A l‘intérieur de la boîte, on retrouve 3 feuillets de jeu, 2 gros dés en bois, 17 cartes, 6 enveloppes cachetées et 3 petits manuels d’explication des règles. En ouvrant le couvercle, immédiatement, on en prend plein les yeux car le thème a été fabuleusement illustré par le duo Jonathan Aucomte et Olivier Derouetteau. D’un coup, nous sommes dans l’ambiance. Dans les préparatifs du voyage. Puis, on s’attarde sur le matériel dont la production suit cette même ligne. Du papier bien agréable pour les éléments de jeu, de beaux gros dés en bois et quelques cartes, sobres mais avec toujours ces magnifiques visuels. Une production sans faute, à un petit détail près. Comme le jeu s’avère particulièrement addictif – nous y reviendrons – on regrette que l’éditeur n’ait pas imprimé les feuillets de jeu en recto-verso. Ces versos blancs, inutilisés, c’est triste. Les feuilles s’épuisent rapidement alors espérons que des packs de recharges seront envisagés.

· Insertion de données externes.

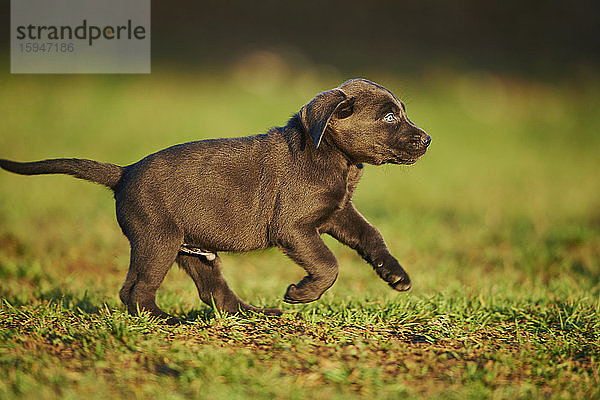 Labradorwelpe auf einer Wiese  Deutschland  Europa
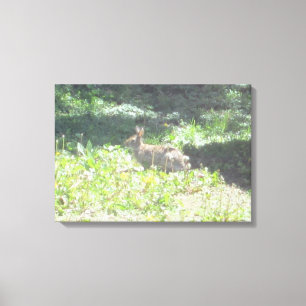Wild Bunny Photo on Canvas Print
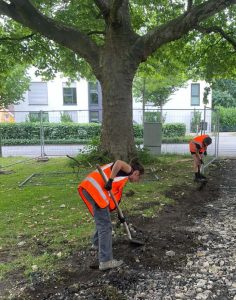 Franco-German cooperation: landscape and horticulture apprentices join forces in Osnabrück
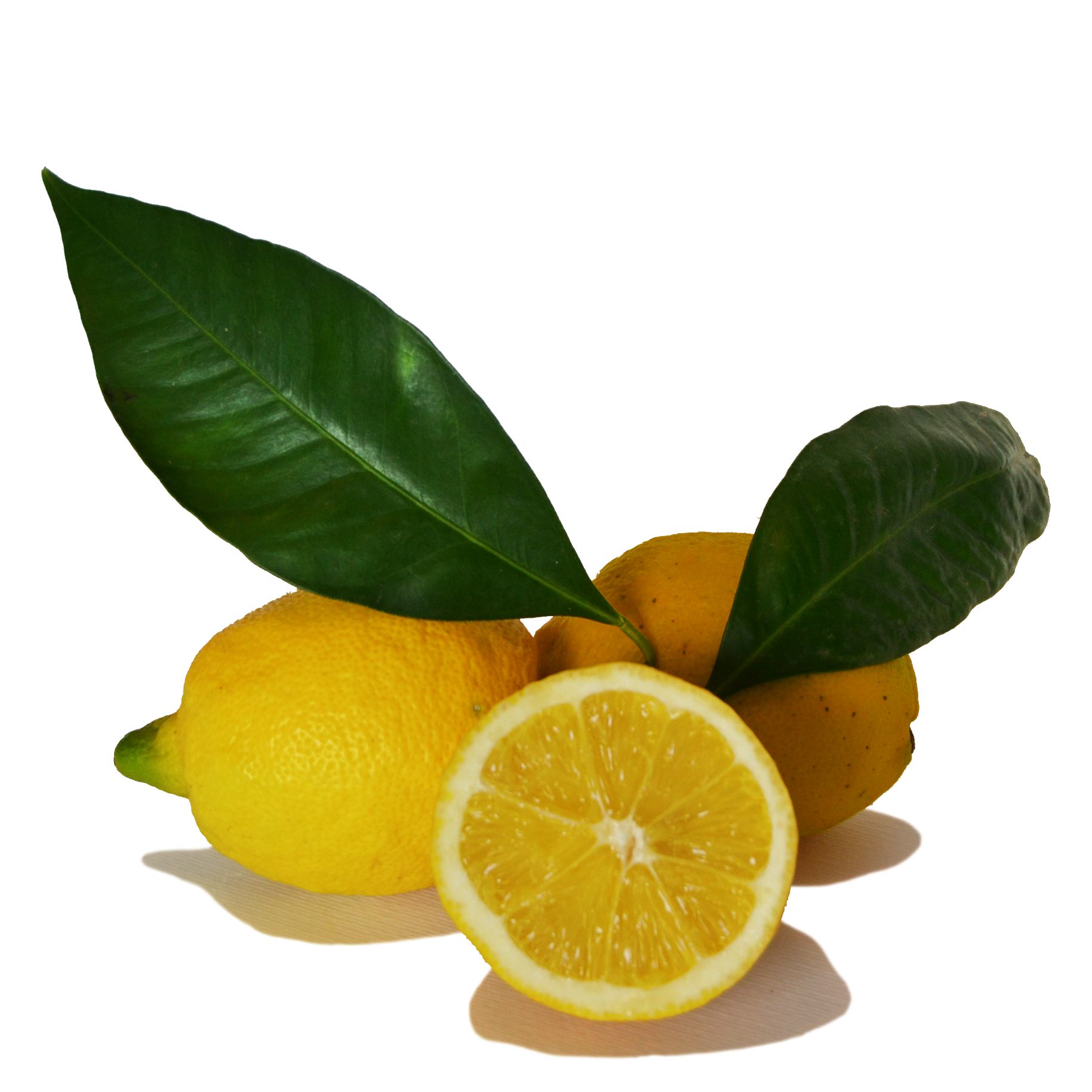 limoni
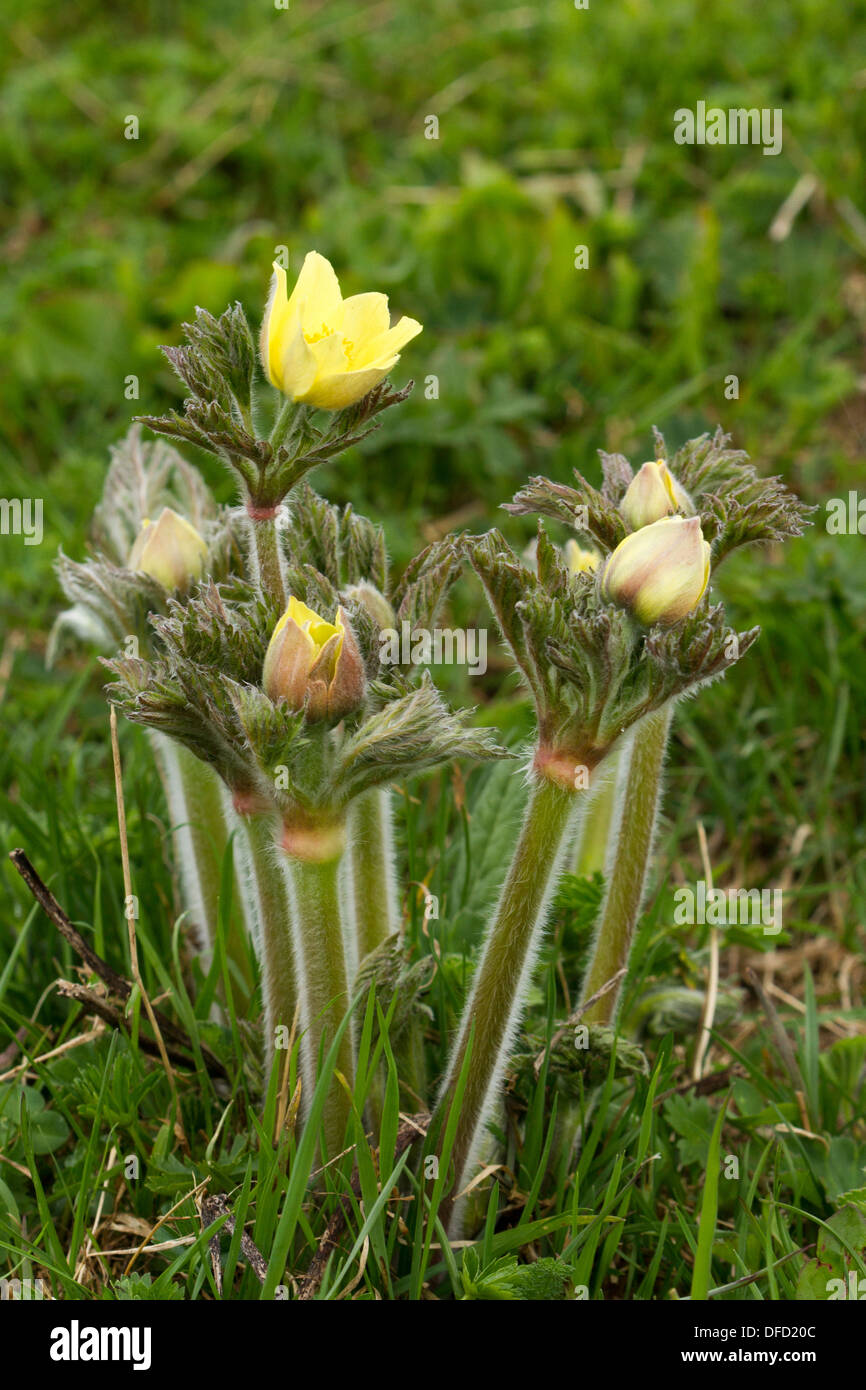 Alpen-Kuhschelle (Pulsatilla Alpina Apiifolia) Stockfoto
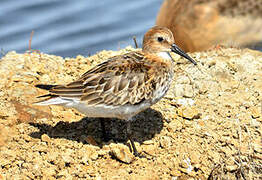 Dunlin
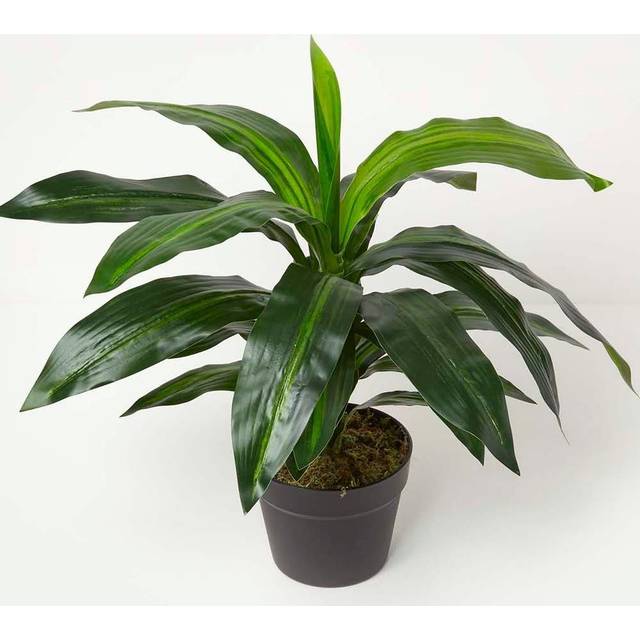 Homescapes Artificial Dragon Tree in Pot 65 cm Tall Dracaena Fragrans - Green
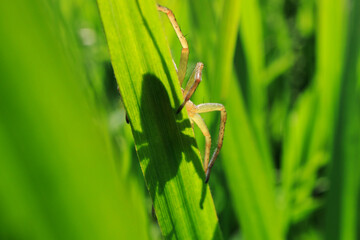 Spider shadow posed grass backlight silhouette close up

L’appel est lancé.
Le thème de la montagne et de l’alpinisme a déjà été utilisé dans plusieurs jeux de société. Néanmoins, ce Trek 12 flirte les sommets avec une très belle ambiance qu’on retrouve sur tous les composants. C’est très thématique. Les livrets d’instruction donnent l’impression d’un « journal de bord », les dés à l’apparence « usés par le temps », les feuilles d’expédition qui témoignent d’un certain vécu. Que c’est beau ! Sans oublier les visuels accrocheurs et réalisés avec beaucoup de soin et de talent. On ne vous en dira pas plus, mais la direction artistique se poursuit encore, et superbement, sur le contenu présent à l’intérieur des enveloppes.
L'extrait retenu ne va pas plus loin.